The full set of entries below, restated word for word and stripped of images, is the expected result.

Saved entries:
# # # #

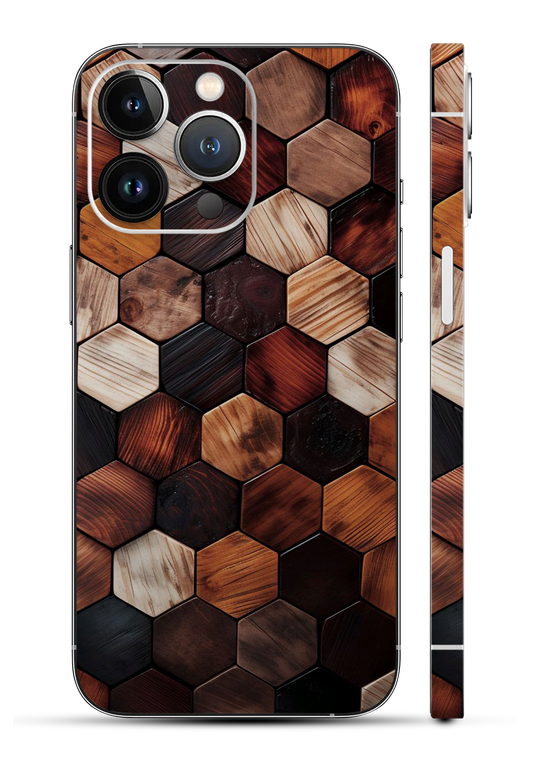 Wooden Wall Mobile Skin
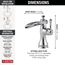 Cassidy Single Handle Channel Bathroom Faucet (Chrome), 598LF-MPU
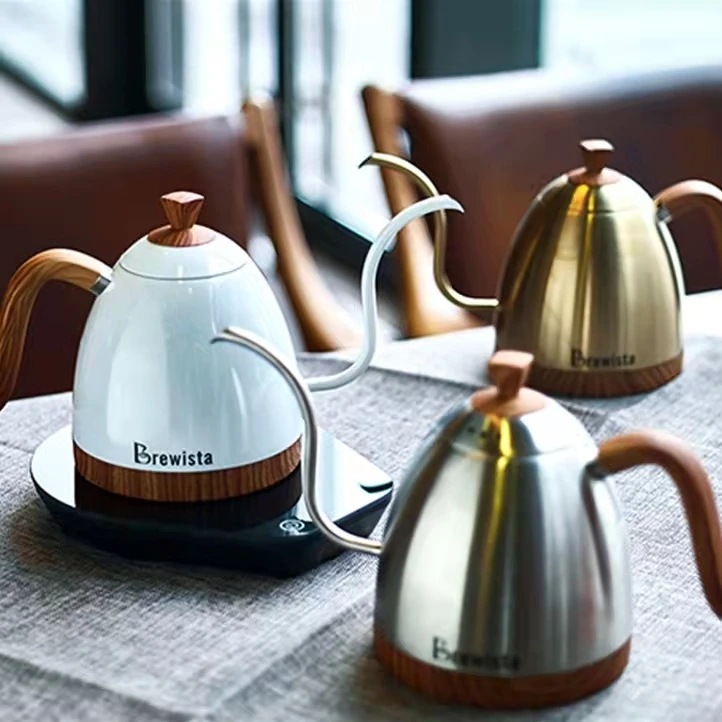 Artisan Electric Gooseneck Kettle Stainless/Wood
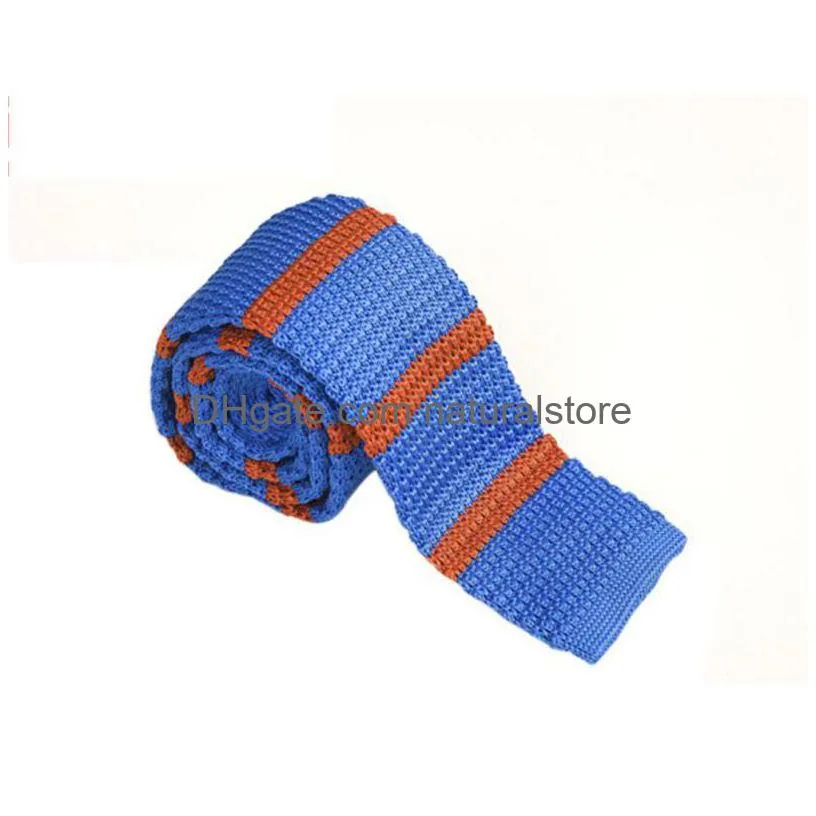 new fashion neckties style men boys knitted tie necktie narrow slim skinny knit woven long neck tie slim ties for men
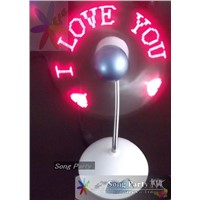 LED USB fan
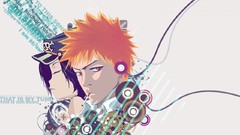 Text Typography white background circles joint bleach kurosaki 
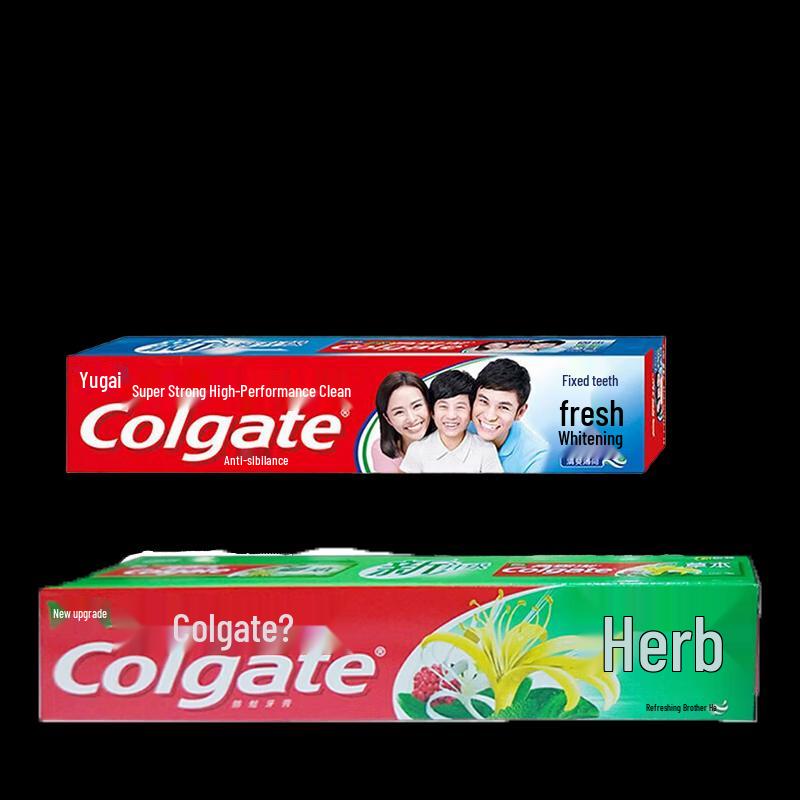Colgate Herbal & Ultra Strong Toothpaste Duo Pack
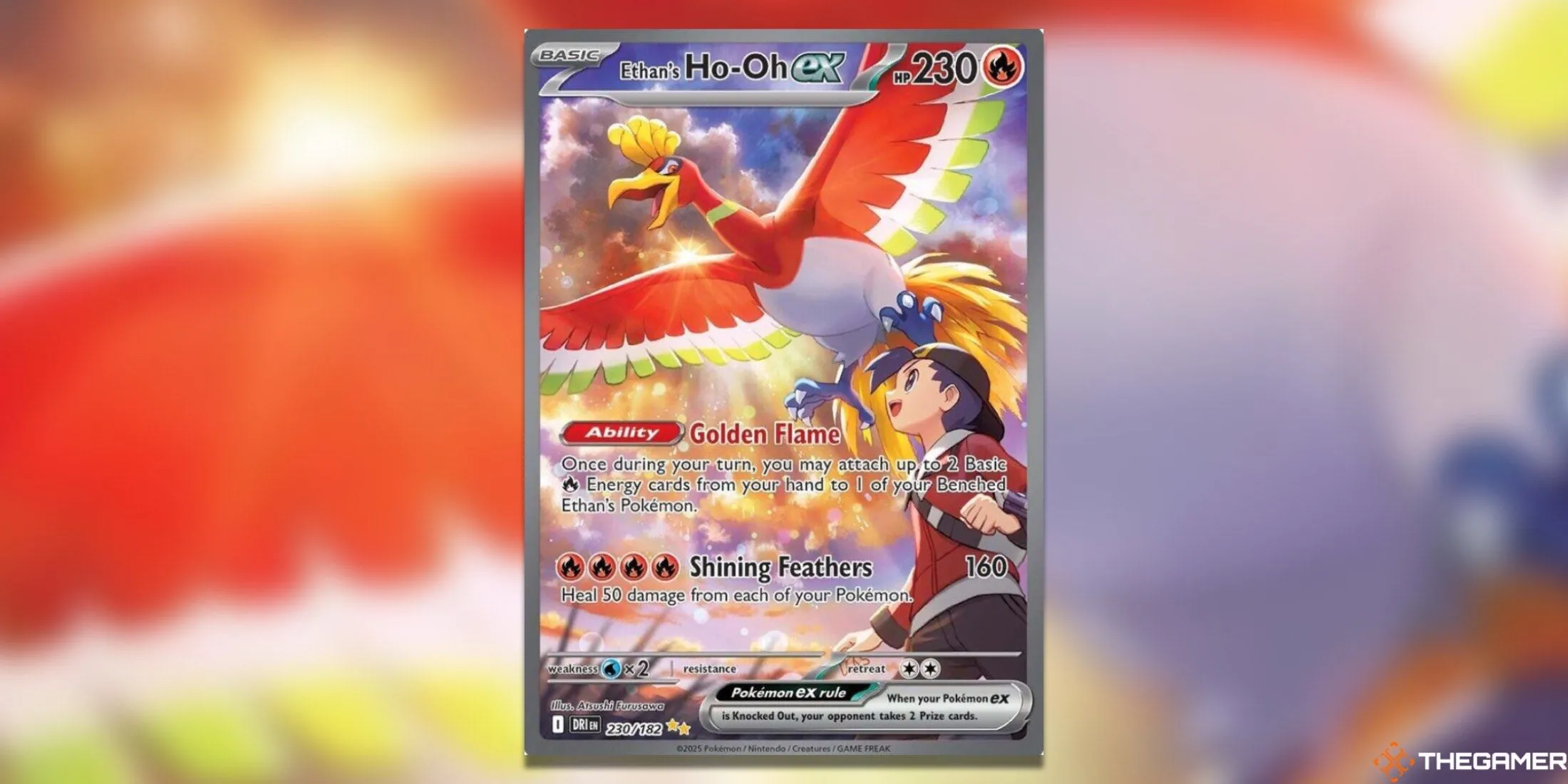 Ho-Oh ex của Ethan rực rỡ trong thẻ Special Illustration Rare
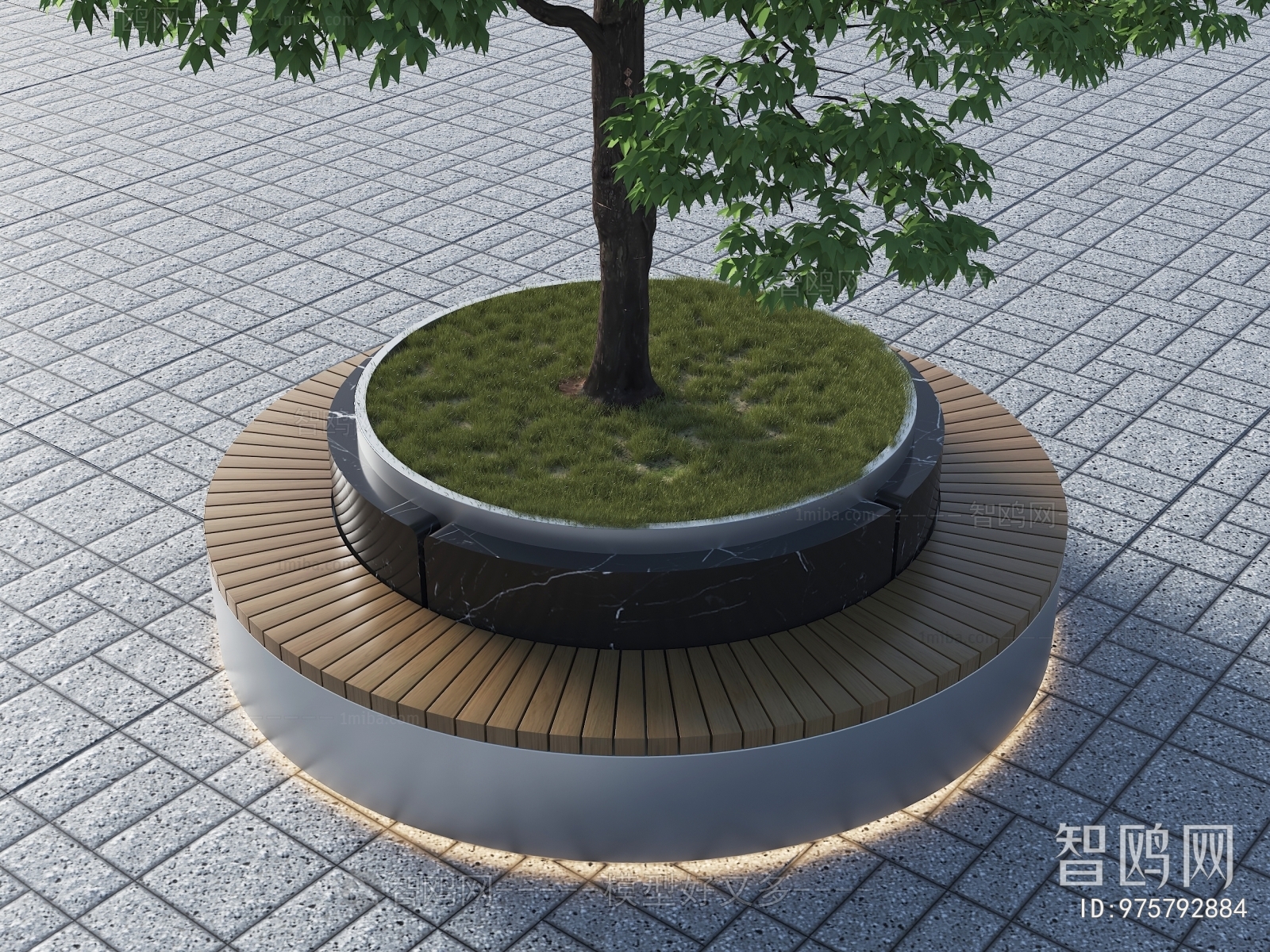 Modern Tree Pool
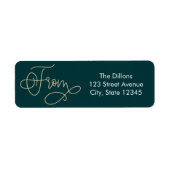 Accueil amusant COULEUR MODIFIABLE Étiquette de ad (Devant)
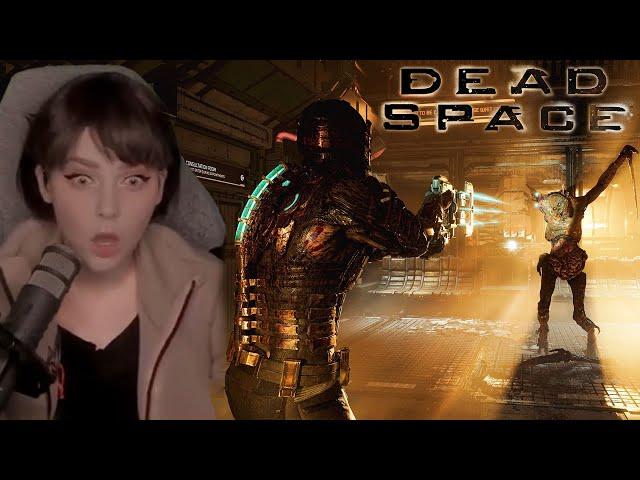 Алина Рин в течении 24 минут "очень боится" играть в новый Dead Space │ Нарезка Dead Space 2023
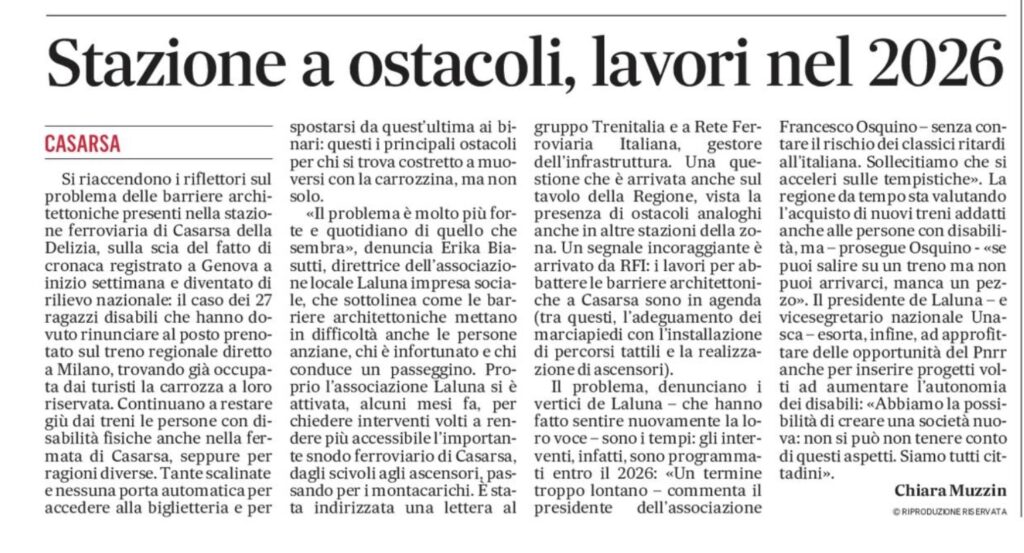 il Gazzettino 23.04.2022 1024x553 - Rassegna Stampa Rimozione Barriere Architettoniche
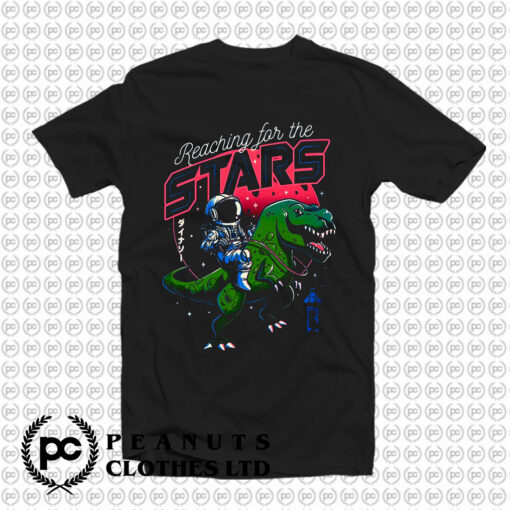 Reaching for the Stars Dinosaur Astronaut T Shirt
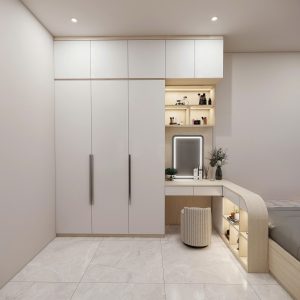 Tủ Quần Áo Gỗ Công Nghiệp VH01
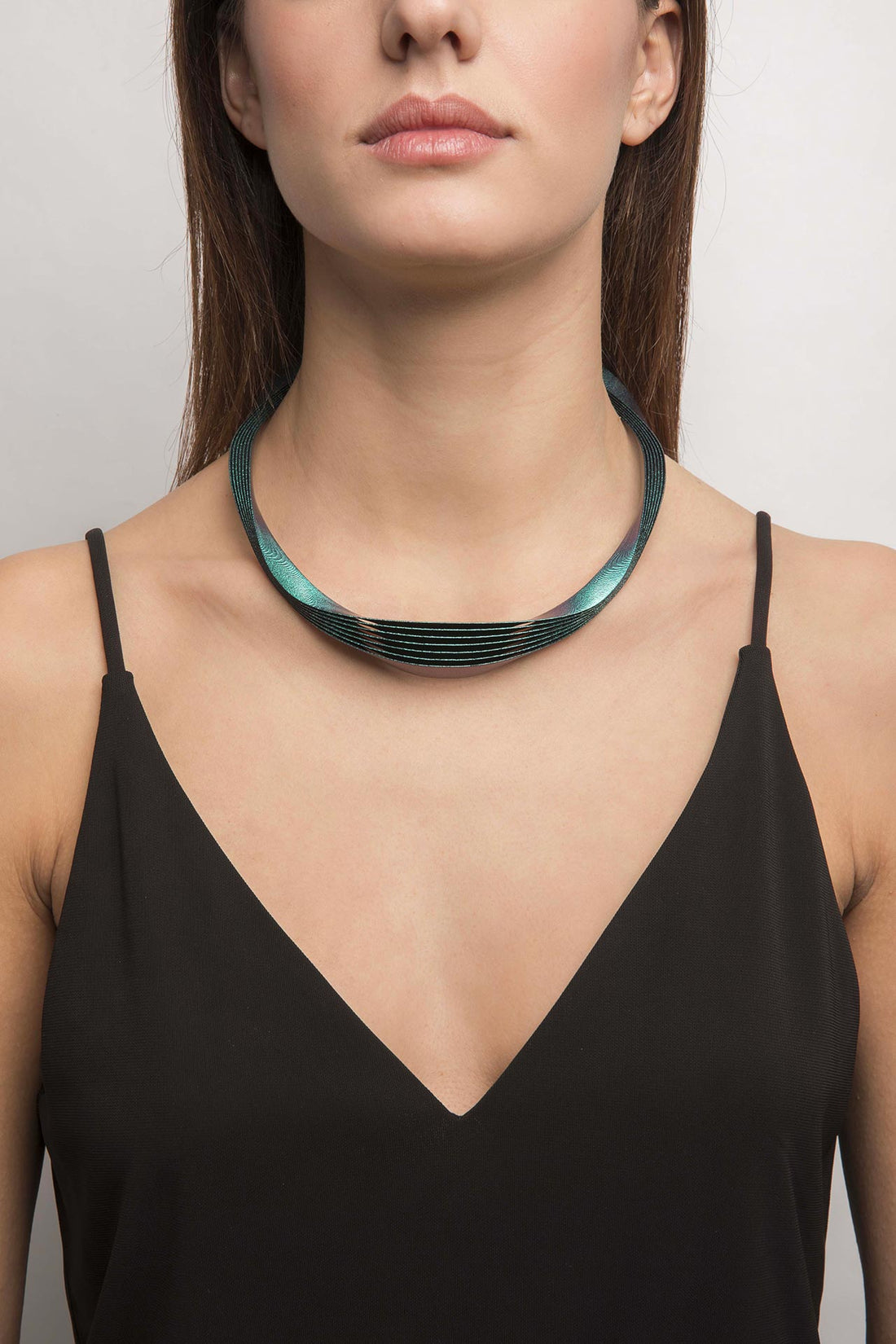 Athena Necklace in Beetle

# # # #

__Written answer__.
 Wooden Wall Mobile Skin
 Cassidy Single Handle Channel Bathroom Faucet (Chrome), 598LF-MPU
 Artisan Electric Gooseneck Kettle Stainless/Wood
 new fashion neckties style men boys knitted tie necktie narrow slim skinny knit woven long neck tie slim ties for men
 LED USB fan
 Text Typography white background circles joint bleach kurosaki 
Colgate Herbal & Ultra Strong Toothpaste Duo Pack
 Ho-Oh ex của Ethan rực rỡ trong thẻ Special Illustration Rare
 Modern Tree Pool
 Accueil amusant COULEUR MODIFIABLE Étiquette de ad (Devant)
 Алина Рин в течении 24 минут "очень боится" играть в новый Dead Space │ Нарезка Dead Space 2023
 il Gazzettino 23.04.2022 1024x553 - Rassegna Stampa Rimozione Barriere Architettoniche
 Reaching for the Stars Dinosaur Astronaut T Shirt
 Tủ Quần Áo Gỗ Công Nghiệp VH01
 Athena Necklace in Beetle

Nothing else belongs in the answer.